Правильный ответ экономиста на любой вопрос в сфере экономической политики – «это зависит от обстоятельств», уверен Родрик: есть время для фискальной экспансии и для бюджетной экономии; есть время, когда налоги должны быть высокими и когда низкими; есть время, когда правительство должно вмешиваться в цепочки поставок и когда должно предоставлять рынкам полную свободу действий. Администрация Байдена начала смелую и давно назревшую трансформацию, но ее цель должна быть не в создании новой ортодоксии, а в том, чтобы научиться адаптировать политику и институты к меняющимся потребностям, заключает Родрик.
Трансферы футболистов в клубы, финансируемые нефтяными магнатами, сопровождаются кратковременным ростом цен на нефть, делится Тайлер Коуэн из Университета Джорджа Мейсона ссылкой на исследование в майском номере Energy Economics. Его авторы, экономисты из Австралии, Новой Зеландии и Вьетнама, сопоставили трансферы игроков пяти футбольных клубов, принадлежащих Катару, ОАЭ и России, за 2003–2019 гг. с динамикой торгов нефтью Brent. Экономисты насчитали более 300 переходов футболистов в эти клубы и более 200 – из этих клубов в другие. Средняя цена «покупки» игрока составила 14,86 млн фунтов стерлингов, «продажи» – 9 млн фунтов, а разрыв между самым дорогим приобретением и самой выгодной «продажей» был более чем трехкратным (199,8 млн и 59,4 млн фунтов соответственно). Поскольку приобретения в целом обходятся дороже, у футбольного клуба на рынке трансферов возникает дефицит, и для его финансирования владельцы клубов могут задерживать или сокращать поставки нефти, что в периоды такого дефицита ведет к кратковременному (в пределах четырех-пяти дней) росту цен на спотовом рынке (рынке физических поставок), повышая, в свою очередь, цены на рынке нефтяных фьючерсов, пришли к выводу авторы.

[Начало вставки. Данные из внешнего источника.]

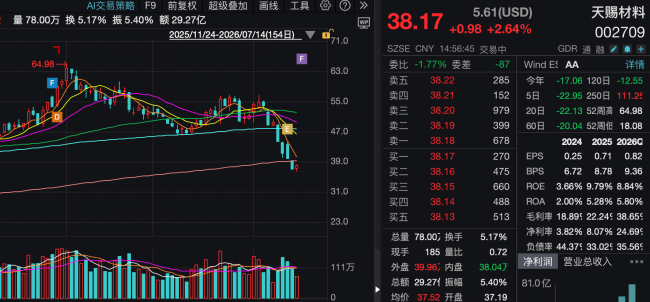 市值一周缩水近300亿，百家机构紧急调研天赐材料，聚焦LiFSI、产能、定价等核心问题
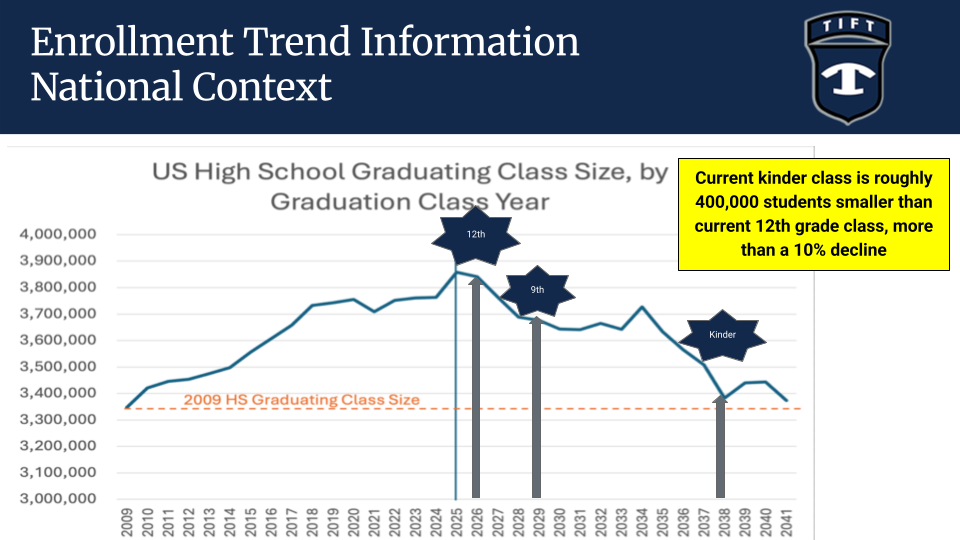Enrollment Trend National Context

По их расчетам, в среднем каждый 1 млн фунтов необходимого финансирования повышает спотовые цены на 0,014%, или, с учетом среднедневных мировых покупок нефти, обходится ее покупателям в дополнительные $0,9 млн в день. На фьючерсах не сказываются только сверхдорогие сделки, требующие более 70 млн фунтов и привлекающие широкое внимание СМИ, которое, вероятно, заставляет инвесторов задуматься о влиянии трансфера на рынок нефти – в такие периоды оно сказывается увеличением объема торгов фьючерсами, рассеивая эффект влияния на их доходность. Возникает вопрос – если владельцы «нефтяных» футбольных клубов могут так легко поднимать цену нефти, то почему не делают этого постоянно, размышляют авторы и сами же отвечают: вероятно, ни у кого из них нет для этого достаточной рыночной силы или, что скорее всего, подобные действия вовсе не являются продуманной стратегией максимизации прибыли, а происходят спонтанно, когда менеджер предлагает возможность приобрести классного игрока.